Dataset find missing value

jlandwerlen · September 3, 2020, 8:09pm

Has anyone created a script to find a missing value between the min/max of a dataset? Basically, if a certain column has a min value of 1 and max value of 100, what’s the best way in script to determine if there are any missing values between those with a base of 1.

jlandwerlen · September 3, 2020, 8:13pm

Nevermind, Google was my friend:

lst = [1, 2, 4, 6, 7, 9, 10] 

for x in range(lst[0], lst[-1]+1):  
	if x not in lst:
		print x

Kevin.Herron · September 3, 2020, 8:20pm

Is your list always going to be sorted for you?
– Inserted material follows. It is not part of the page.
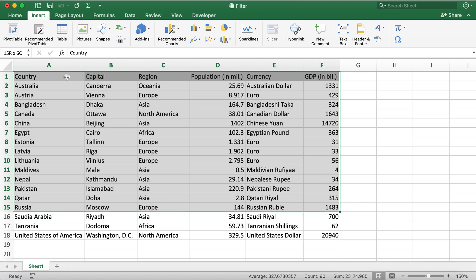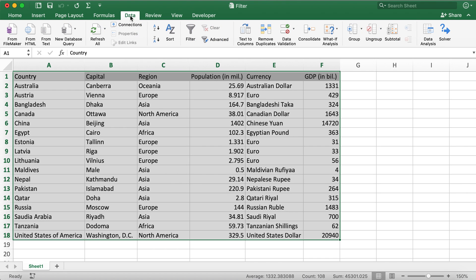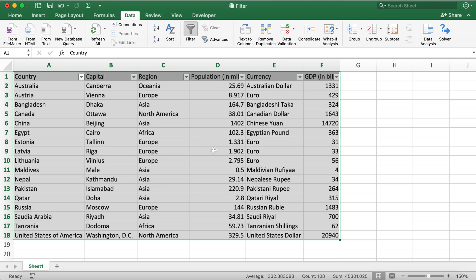Click on this Data tab, and then you'll see this button over here called Filter. You'll need to click on this button, and after clicking that button you'll see there's these drop-down menus or drop-down buttons appear on all of the columns.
jlandwerlen · September 3, 2020, 8:25pm

Oh, good point. Maybe, maybe not. Yep, the code I stole won’ t work well unless it’s sorted.

jlandwerlen · September 3, 2020, 8:34pm

Any reason this approach is unwise?

lst = [4, 1, 2, 6, 7, 9, 10] 
sortList = sorted(lst)

for x in range(sortList[0], sortList[-1]+1):  
	if x not in sortList:
		print x

Kevin.Herron · September 3, 2020, 8:45pm

Should be fine unless you have an exceptionally large number of rows.

cmallonee · September 3, 2020, 8:47pm

That’s actually preferable to lst.sort() because it leaves the original alone. The biggest problem you could encounter here is unexpected types in the column. As long as you’re confident this will always receive integers, then you’re fine. If it ever encounters str representations (“2”), then you’ll encounter a TypeError.

jlandwerlen · September 3, 2020, 9:05pm

Thanks guys. I’m confident it will always be integers and the size will be fairly small, most is 200 rows or so.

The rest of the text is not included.